Capral has managed to grow its earnings per share at 35% per year over five years. The EPS growth is more impressive than the 21% annual share price increase over the same period. As such, the market doesn't seem to be too enthusiastic about this stock these days. This cautious sentiment is reflected in the company's (fairly low) P/E ratio of 5.44.
The image below shows how EPS has changed over time (unveil the exact values by clicking on the image).
this free This interactive report on Capral's earnings, revenue and cash flow is a great starting point, if you want to investigate the stock further.

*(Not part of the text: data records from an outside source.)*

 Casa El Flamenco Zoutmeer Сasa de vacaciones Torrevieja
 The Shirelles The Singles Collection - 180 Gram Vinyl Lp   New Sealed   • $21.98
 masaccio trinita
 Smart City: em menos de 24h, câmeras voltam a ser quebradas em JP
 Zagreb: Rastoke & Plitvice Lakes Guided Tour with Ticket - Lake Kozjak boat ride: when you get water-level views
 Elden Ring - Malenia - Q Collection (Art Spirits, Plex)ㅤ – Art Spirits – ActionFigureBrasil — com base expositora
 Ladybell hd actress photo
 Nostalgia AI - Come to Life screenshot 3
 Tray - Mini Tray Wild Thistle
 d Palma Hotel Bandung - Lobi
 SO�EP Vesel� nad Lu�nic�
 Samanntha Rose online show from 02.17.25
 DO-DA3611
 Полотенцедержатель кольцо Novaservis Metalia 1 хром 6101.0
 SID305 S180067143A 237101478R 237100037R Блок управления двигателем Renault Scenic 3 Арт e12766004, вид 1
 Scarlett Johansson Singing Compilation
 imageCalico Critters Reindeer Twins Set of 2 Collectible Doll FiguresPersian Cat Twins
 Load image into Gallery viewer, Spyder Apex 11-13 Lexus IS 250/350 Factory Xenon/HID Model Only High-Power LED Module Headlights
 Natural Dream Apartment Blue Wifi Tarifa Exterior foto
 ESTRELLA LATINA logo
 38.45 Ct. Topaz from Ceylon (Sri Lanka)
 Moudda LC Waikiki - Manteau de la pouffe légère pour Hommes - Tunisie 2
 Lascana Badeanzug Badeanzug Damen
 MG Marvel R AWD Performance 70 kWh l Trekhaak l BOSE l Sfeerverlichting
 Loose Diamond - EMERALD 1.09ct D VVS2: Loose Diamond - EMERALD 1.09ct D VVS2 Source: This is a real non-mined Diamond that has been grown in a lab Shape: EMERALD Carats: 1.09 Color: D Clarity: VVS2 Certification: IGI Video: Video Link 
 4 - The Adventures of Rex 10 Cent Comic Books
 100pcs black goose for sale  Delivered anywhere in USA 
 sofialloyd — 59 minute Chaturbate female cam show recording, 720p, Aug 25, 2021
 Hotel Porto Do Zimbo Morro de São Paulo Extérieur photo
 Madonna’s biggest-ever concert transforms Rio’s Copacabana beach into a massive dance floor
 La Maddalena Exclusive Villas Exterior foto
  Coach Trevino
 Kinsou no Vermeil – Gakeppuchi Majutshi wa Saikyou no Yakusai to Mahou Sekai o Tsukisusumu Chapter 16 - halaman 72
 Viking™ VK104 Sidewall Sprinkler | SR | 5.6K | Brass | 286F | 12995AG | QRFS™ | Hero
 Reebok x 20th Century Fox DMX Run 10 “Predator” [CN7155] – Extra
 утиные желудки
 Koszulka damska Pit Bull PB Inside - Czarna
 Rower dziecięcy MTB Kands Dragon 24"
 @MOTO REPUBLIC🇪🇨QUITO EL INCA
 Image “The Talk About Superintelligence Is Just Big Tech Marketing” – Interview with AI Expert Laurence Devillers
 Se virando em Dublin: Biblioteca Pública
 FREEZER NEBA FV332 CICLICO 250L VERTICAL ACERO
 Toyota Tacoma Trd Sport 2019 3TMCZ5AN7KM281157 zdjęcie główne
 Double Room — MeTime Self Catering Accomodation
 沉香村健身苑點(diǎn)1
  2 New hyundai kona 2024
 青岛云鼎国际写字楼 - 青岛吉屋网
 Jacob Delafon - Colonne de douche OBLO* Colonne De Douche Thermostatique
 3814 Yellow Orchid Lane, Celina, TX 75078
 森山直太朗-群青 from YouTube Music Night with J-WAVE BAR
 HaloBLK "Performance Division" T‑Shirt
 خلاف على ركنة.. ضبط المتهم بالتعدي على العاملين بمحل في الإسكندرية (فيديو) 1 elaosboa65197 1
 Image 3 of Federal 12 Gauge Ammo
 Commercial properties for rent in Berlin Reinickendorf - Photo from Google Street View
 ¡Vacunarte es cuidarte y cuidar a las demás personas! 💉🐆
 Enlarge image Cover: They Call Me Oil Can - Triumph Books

What will happen to the dividend?
When looking at return on investment, it is important to consider the following differences: Total shareholder return (TSR) and stock price return. Whereas the price/earnings ratio only reflects the change in the share price, the TSR includes the value of dividends (assuming they were reinvested) and the benefit of any discounted capital raising or spin-off. So for companies that pay a generous dividend, the TSR is often much higher than the share price return. We note that Capral's TSR over the last five years was 266%, which is better than the share price return mentioned above. This is primarily due to dividend payments.
different perspective
It's good to see that Capral returned a total return of 42% to shareholders in the over the last twelve months. Of course, this includes dividends. This growth rate is better than the five-year annual TSR (30%). So it seems like sentiment around the company has been positive lately. In the best-case scenario, this could signal real business momentum and suggest that now could be a great time to dig deeper. It's always interesting to track stock performance over the long term. However, to understand Capral better, we need to consider many other factors. For example, we discovered that 2 warning signs for Capral (1 is not very good to us!) Here's what you need to know before investing.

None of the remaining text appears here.